If like me, you aren’t intimidated by subtitled movies, there are two hugely entertaining European films that are streaming right now on Netflix. One comes from Spain, La Tribu, directed by Fernando Coloma; and from France, Nothing to Hide (Le Jeu) from Fred Cavayé. 



The Spanish film weaves a story of lapsed parenthood and today’s labor force within a world of music and dance; and the real-life phenomenon of Las Mamis, a hip-hop dance group of working, middle-aged housewives who took Spain’s Got Talent by storm in 2016. While Nothing to Hide is a contemporary parlor-room drama/comedy that deals with secrets between friends and couples, coupled with a critique on smartphones as modern technology and communication.



Starring Carmen Machi, Paco León, and Maribel Del Pino, La Tribu ruled during the Montecarlo Film Festival of 2018, copping Best Film and Best Actress for Machi. It's the kind of light-hearted comedy with moral lesson at the end that Spain produces in an endearing manner. Viral infamy is the first stage of the film, as Fidel (Paco León) heads the HR department of a big tech firm, and has just laid off hundreds of employees—but has been literally caught with his pants down, fooling around with an intern. 



Fast forward a year of hiding by Fidel, and Virginia (Carmen Machi) is the mother who gave Fidel up for adoption and is only now meeting her son.

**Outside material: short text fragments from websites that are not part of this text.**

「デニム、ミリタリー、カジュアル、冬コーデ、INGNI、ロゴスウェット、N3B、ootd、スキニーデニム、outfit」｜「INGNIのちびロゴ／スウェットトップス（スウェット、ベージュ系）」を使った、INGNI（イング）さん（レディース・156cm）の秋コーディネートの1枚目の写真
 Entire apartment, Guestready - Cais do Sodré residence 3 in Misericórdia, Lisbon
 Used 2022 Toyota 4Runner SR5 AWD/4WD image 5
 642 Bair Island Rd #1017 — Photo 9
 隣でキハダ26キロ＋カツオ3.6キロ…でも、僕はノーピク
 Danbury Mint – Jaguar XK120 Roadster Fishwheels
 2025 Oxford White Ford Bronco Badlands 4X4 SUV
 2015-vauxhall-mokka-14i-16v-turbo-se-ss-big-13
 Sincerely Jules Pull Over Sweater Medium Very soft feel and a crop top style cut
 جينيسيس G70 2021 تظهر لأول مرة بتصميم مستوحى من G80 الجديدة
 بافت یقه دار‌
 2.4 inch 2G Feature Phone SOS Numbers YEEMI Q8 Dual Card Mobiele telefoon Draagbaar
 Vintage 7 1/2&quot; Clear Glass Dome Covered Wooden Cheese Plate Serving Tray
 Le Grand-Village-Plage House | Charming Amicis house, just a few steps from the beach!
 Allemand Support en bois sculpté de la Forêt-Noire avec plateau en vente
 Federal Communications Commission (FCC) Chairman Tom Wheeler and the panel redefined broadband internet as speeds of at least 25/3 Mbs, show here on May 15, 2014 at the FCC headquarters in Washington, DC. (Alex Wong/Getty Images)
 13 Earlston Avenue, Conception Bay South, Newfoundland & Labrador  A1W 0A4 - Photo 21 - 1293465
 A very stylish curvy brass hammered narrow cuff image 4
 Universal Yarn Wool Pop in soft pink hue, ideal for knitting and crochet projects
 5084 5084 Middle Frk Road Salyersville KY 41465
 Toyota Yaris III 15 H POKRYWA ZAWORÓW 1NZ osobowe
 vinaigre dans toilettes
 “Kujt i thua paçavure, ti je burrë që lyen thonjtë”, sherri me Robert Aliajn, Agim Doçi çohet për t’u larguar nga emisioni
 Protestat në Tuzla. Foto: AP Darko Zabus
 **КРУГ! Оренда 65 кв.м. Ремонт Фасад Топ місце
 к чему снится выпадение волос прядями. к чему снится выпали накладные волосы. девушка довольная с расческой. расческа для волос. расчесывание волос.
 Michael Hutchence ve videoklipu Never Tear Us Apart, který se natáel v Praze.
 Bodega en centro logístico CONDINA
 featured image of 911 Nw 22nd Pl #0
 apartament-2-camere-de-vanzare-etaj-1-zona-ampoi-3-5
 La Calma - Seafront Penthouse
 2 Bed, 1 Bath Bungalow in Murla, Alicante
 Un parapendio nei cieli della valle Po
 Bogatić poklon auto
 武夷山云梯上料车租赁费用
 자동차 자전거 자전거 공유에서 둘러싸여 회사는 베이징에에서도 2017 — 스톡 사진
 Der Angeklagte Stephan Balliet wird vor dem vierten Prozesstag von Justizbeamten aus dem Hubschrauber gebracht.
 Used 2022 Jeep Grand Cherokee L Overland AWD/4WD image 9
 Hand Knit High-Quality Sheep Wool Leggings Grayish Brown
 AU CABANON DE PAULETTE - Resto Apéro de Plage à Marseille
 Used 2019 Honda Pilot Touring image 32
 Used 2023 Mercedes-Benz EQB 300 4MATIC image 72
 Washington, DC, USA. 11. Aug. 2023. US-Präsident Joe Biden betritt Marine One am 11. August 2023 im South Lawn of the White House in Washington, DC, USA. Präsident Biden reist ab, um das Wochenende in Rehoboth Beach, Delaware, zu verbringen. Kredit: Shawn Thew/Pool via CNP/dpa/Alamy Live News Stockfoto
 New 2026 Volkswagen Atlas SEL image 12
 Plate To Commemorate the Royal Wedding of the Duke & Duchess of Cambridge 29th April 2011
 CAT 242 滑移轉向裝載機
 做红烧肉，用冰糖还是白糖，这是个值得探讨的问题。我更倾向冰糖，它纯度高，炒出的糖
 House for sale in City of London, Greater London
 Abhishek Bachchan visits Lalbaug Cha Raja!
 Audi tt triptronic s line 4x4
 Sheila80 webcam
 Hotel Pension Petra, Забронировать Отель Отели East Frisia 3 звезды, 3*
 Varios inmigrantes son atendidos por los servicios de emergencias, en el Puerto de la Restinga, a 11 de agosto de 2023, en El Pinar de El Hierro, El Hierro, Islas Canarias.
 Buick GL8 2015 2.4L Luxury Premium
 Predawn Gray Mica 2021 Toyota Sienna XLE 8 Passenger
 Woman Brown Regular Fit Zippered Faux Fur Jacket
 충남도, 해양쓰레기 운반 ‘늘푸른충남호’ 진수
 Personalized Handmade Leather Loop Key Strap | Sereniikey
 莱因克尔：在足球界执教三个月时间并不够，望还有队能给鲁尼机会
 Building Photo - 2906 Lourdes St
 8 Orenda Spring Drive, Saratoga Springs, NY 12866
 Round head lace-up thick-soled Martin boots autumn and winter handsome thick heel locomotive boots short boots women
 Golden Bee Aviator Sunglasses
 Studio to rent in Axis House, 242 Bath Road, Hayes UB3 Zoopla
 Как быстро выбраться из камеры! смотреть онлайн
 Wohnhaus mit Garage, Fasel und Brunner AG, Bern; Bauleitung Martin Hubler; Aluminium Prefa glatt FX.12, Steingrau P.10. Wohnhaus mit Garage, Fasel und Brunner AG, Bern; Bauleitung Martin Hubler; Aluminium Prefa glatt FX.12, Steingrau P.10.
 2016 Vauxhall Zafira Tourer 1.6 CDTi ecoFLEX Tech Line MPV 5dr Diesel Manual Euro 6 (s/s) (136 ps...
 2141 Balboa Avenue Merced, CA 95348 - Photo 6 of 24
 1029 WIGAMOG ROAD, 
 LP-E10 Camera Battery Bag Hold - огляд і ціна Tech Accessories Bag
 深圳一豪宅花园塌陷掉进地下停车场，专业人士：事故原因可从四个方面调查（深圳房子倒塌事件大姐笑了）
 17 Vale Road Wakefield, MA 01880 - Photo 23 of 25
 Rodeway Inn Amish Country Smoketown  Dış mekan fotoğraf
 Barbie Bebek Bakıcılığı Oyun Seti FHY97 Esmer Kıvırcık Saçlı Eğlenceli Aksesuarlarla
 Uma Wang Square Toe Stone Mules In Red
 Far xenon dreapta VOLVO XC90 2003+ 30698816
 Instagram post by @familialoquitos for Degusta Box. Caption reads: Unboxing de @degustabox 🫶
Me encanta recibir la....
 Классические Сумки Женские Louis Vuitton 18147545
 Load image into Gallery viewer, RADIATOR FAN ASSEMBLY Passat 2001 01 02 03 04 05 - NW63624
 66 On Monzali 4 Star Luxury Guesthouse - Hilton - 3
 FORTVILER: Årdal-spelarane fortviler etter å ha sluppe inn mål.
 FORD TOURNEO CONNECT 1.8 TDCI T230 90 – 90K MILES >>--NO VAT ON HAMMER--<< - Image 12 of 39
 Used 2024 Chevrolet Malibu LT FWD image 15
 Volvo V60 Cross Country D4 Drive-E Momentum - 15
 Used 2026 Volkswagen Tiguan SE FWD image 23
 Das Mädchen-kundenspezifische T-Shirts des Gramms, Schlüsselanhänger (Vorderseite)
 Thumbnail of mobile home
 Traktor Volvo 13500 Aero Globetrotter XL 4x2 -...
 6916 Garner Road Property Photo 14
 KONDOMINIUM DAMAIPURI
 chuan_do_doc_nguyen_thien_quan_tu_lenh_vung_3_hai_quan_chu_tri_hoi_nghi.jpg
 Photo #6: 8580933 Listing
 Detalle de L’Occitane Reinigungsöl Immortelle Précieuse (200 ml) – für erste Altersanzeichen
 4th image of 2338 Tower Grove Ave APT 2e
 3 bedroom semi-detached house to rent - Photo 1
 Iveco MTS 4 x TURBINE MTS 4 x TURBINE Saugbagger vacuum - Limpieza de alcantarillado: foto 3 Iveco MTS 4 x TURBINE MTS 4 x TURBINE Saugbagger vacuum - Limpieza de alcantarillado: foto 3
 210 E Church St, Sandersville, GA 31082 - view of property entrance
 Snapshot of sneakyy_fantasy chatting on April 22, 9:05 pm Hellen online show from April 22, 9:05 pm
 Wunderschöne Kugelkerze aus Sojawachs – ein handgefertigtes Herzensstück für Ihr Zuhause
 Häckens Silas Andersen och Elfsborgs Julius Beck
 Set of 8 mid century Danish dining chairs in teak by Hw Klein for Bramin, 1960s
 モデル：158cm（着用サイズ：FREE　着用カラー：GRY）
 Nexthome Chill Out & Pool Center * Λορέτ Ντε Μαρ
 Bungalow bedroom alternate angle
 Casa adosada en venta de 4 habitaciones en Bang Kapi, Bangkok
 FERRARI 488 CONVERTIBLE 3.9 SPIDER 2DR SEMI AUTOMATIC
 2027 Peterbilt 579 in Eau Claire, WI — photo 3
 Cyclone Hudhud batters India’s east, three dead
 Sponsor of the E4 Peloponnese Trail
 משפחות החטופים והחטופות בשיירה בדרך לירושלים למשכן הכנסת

A cleaning woman at a Badalona hotel, she is also part of a 10-member group of housewives who dance hip-hop at a local dance club for exercise and therapy. Fidel is struck by a bus and suffers from transient amnesia, and the film progresses, revolving around finding oneself, owning up to the wrongs you committed in the past, and charting a new tomorrow. That is does all this crowd-pleasing, while touching on social issues and producing heartfelt moments all add to a lightweight but entertaining watch.



With Nothing to Hide, Director Cavayé transitions from the action films he has built his reputation on (2010’s Point Blank), to one ripe with social commentary. On the same day of the lunar eclipse, seven friends get together at the home of one of the couples. The most familiar face in the cast would be Berenice Bejo (The Artist), but this is a strong ensemble performance, and it’s great to watch how each of the seven leave indelible impressions on us.



The basic premise is the challenge to leave all smartphones on the table, and to publicly accept calls, texts, and mail—the notion being that couples and friends shouldn’t have secrets from each other, and that privacy in this scenario, is unnecessary. Of course, this is far easier said in theory than in practice; as secrets, deceptions, and long held frustrations rear their ugly head as incoming texts and messages pour in. It’s great to watch how tightly wound the plot develops, and while there is an ending that’s something of a cop out, the journey this film takes us on before that end point, is more than satisfying. It’s a very French farce, newly minted for the iPhone generation.



So yes, you may have to break out the eyeglasses for this one, and stay glued to the screen reading subtitles; but I promise you, the reward factor is high with these two foreign films.